[Dataset entries]
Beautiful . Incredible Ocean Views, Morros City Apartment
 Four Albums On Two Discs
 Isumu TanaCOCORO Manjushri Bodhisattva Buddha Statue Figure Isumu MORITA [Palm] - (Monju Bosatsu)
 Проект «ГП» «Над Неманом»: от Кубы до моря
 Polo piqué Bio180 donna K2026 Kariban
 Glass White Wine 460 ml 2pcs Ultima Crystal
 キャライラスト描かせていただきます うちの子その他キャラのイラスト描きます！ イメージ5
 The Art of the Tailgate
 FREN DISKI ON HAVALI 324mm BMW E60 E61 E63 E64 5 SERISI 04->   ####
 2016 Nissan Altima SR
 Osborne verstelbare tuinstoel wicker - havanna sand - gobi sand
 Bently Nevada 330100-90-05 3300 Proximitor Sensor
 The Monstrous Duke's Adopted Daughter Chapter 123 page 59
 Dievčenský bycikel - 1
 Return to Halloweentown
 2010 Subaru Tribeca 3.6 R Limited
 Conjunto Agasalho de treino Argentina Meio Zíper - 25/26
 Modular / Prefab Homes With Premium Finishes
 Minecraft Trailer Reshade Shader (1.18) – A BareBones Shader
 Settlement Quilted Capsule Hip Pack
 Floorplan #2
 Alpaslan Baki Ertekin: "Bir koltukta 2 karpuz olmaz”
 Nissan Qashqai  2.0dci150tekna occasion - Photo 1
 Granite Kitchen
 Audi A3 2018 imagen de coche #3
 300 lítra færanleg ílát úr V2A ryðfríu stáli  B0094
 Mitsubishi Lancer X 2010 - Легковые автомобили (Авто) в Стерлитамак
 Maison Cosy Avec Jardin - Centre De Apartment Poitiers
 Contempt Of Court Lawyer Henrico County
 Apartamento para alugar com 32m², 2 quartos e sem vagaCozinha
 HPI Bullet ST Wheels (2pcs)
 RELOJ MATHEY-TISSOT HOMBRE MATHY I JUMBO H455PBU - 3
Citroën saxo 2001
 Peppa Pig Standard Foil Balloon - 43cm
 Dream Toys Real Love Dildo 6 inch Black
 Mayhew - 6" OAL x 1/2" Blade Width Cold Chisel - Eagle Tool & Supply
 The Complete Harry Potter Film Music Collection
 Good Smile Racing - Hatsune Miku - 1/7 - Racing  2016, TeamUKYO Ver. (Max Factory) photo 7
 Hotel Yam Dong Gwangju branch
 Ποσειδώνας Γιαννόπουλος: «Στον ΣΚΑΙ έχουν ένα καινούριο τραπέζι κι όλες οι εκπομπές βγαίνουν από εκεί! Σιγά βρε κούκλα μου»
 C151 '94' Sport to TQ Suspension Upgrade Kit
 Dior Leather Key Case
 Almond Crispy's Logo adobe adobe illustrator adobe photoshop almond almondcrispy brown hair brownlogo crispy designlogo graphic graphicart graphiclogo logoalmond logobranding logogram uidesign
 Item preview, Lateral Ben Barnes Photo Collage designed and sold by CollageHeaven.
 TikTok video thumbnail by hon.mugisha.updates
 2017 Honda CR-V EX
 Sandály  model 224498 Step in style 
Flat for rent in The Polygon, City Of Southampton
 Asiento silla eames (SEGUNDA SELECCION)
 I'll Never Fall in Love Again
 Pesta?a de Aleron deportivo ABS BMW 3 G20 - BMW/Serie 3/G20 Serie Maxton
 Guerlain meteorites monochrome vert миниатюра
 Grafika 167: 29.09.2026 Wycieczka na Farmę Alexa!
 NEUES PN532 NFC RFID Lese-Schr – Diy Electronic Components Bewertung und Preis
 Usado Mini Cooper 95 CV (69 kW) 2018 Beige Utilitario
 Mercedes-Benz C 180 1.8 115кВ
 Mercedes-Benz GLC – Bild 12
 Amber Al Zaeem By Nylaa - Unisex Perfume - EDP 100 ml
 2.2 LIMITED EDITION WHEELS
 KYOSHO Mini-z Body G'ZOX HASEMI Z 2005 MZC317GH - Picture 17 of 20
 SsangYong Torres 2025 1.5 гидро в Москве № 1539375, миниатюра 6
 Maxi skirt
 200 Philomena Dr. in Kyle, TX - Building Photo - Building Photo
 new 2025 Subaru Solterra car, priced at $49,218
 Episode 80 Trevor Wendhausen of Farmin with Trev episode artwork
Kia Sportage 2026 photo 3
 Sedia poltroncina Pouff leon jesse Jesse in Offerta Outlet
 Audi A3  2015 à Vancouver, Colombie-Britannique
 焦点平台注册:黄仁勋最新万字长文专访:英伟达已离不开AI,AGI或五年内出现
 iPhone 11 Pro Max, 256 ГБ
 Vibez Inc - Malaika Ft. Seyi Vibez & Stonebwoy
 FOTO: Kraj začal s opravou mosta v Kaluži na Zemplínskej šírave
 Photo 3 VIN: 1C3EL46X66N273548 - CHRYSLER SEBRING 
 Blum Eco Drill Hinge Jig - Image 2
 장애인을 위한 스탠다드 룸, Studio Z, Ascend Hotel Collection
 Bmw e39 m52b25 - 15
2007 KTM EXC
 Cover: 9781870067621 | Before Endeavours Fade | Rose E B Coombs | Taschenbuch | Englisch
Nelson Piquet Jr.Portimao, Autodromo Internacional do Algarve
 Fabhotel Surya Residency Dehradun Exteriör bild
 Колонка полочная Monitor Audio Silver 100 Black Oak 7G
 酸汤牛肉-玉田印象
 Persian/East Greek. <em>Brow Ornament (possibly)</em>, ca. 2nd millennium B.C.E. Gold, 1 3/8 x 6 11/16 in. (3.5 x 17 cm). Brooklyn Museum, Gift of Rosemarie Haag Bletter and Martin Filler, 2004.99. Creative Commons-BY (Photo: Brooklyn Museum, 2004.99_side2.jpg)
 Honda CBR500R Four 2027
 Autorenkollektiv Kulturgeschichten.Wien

Aim of the task:
Only the lines from the one containing "Photo 3 VIN: 1C3EL46X66N273548" to the end of the data should be printed, exactly as they stand.

Answer area:
 Photo 3 VIN: 1C3EL46X66N273548 - CHRYSLER SEBRING 
 Blum Eco Drill Hinge Jig - Image 2
 장애인을 위한 스탠다드 룸, Studio Z, Ascend Hotel Collection
 Bmw e39 m52b25 - 15
2007 KTM EXC
 Cover: 9781870067621 | Before Endeavours Fade | Rose E B Coombs | Taschenbuch | Englisch
Nelson Piquet Jr.Portimao, Autodromo Internacional do Algarve
 Fabhotel Surya Residency Dehradun Exteriör bild
 Колонка полочная Monitor Audio Silver 100 Black Oak 7G
 酸汤牛肉-玉田印象
 Persian/East Greek. <em>Brow Ornament (possibly)</em>, ca. 2nd millennium B.C.E. Gold, 1 3/8 x 6 11/16 in. (3.5 x 17 cm). Brooklyn Museum, Gift of Rosemarie Haag Bletter and Martin Filler, 2004.99. Creative Commons-BY (Photo: Brooklyn Museum, 2004.99_side2.jpg)
 Honda CBR500R Four 2027
 Autorenkollektiv Kulturgeschichten.Wien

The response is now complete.